Task requirements
Begin at the top of the records and copy each line exactly. The line containing "Gift of Paul" is the last one to include.
[Given data]
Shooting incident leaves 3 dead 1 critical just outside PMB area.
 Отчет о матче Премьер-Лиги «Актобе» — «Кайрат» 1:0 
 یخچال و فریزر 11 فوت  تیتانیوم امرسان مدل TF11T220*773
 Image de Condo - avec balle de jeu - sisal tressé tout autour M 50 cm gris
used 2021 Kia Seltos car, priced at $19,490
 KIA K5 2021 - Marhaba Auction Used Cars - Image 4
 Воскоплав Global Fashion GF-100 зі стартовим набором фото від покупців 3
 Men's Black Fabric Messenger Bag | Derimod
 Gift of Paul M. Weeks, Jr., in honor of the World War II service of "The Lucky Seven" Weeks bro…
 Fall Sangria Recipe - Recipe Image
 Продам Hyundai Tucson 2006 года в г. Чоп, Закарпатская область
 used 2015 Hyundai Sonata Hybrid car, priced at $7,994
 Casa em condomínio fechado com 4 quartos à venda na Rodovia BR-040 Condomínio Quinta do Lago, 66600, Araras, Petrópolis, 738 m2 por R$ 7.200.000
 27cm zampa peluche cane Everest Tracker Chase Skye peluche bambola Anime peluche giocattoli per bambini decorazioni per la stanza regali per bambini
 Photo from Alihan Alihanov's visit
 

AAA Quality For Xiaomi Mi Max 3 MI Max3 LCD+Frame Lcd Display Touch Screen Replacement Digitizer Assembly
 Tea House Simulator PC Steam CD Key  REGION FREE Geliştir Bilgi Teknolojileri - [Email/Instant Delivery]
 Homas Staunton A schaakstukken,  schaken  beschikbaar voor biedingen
[/Given data]
Exercise solution
Shooting incident leaves 3 dead 1 critical just outside PMB area.
 Отчет о матче Премьер-Лиги «Актобе» — «Кайрат» 1:0 
 یخچال و فریزر 11 فوت  تیتانیوم امرسان مدل TF11T220*773
 Image de Condo - avec balle de jeu - sisal tressé tout autour M 50 cm gris
used 2021 Kia Seltos car, priced at $19,490
 KIA K5 2021 - Marhaba Auction Used Cars - Image 4
 Воскоплав Global Fashion GF-100 зі стартовим набором фото від покупців 3
 Men's Black Fabric Messenger Bag | Derimod
 Gift of Paul M. Weeks, Jr., in honor of the World War II service of "The Lucky Seven" Weeks bro…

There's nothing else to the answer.